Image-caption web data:
= Beginning of Section =

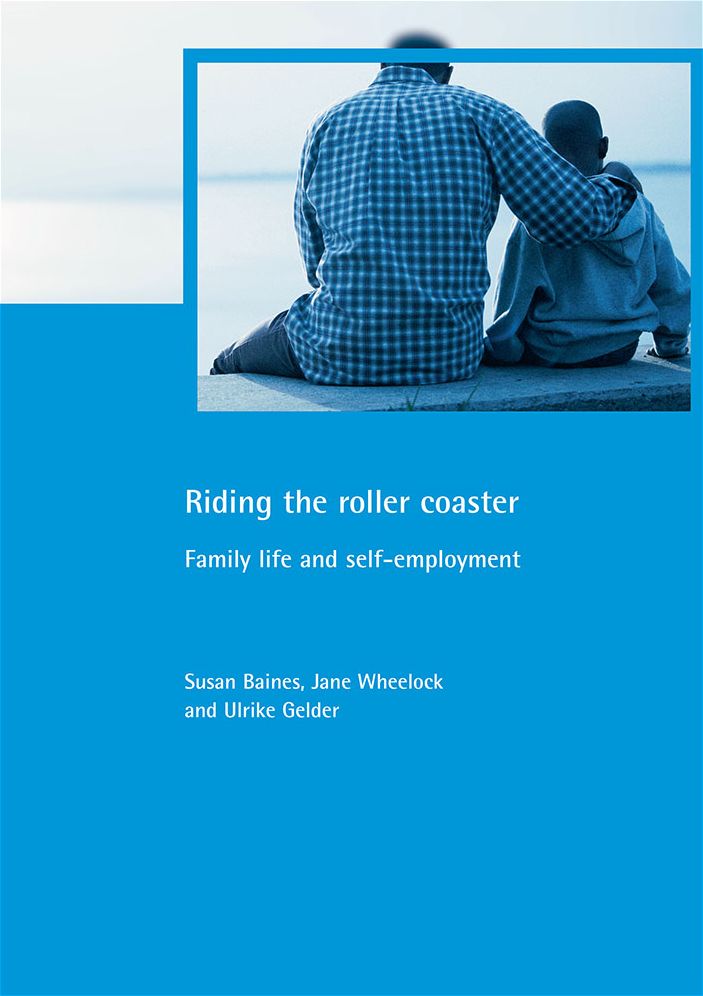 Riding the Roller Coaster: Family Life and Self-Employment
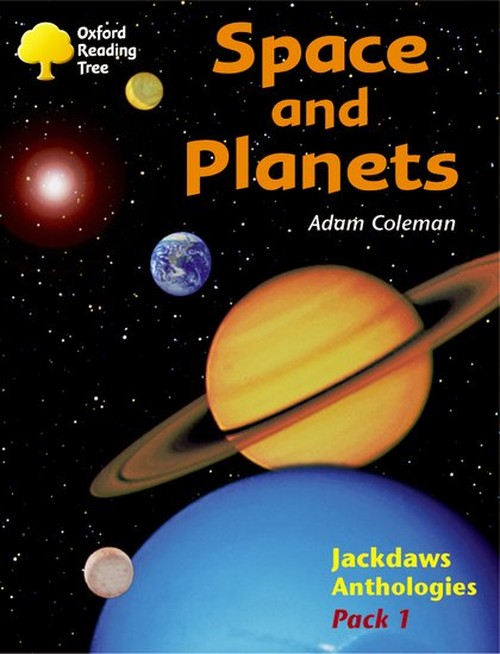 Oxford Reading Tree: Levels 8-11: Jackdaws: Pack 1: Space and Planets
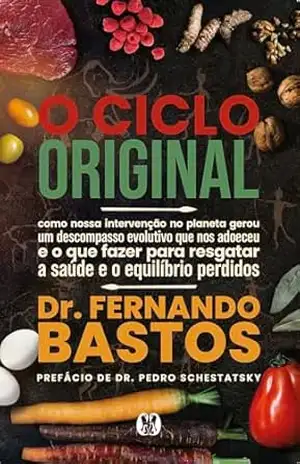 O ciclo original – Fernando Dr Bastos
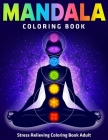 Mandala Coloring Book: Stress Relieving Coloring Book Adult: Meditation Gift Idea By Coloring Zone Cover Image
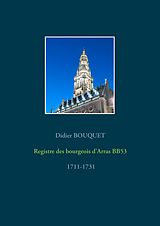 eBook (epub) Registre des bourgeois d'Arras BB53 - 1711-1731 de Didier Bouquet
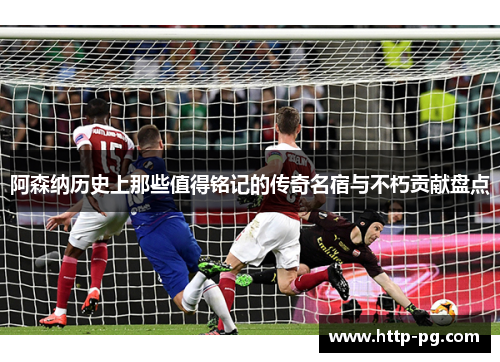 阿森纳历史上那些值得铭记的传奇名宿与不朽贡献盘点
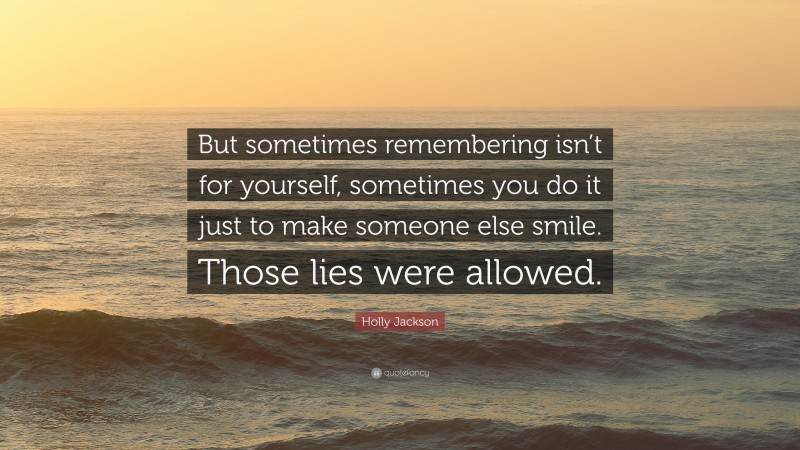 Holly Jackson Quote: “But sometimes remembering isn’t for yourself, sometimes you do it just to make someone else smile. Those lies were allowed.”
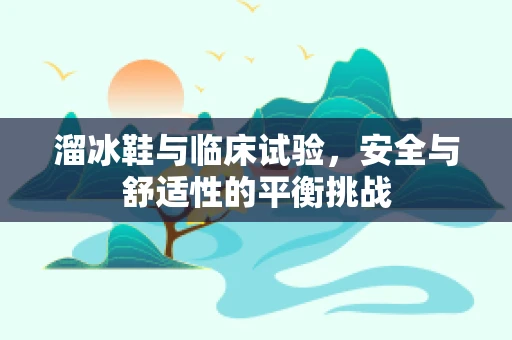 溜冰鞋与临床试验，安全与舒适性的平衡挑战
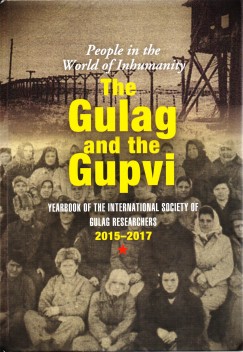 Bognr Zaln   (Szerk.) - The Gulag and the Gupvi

= End of Section =

● PROBLEM
The stretch to restate runs from the line above containing "O ciclo original – Fernando Dr Bastos" through the line containing "阿森纳历史上那些值得铭记的传奇名宿与不朽贡献盘点". Copy it word for word, ends included, without pictures.

● SOLUTION FOR THIS PROBLEM
 O ciclo original – Fernando Dr Bastos
 Mandala Coloring Book: Stress Relieving Coloring Book Adult: Meditation Gift Idea By Coloring Zone Cover Image
 eBook (epub) Registre des bourgeois d'Arras BB53 - 1711-1731 de Didier Bouquet
 阿森纳历史上那些值得铭记的传奇名宿与不朽贡献盘点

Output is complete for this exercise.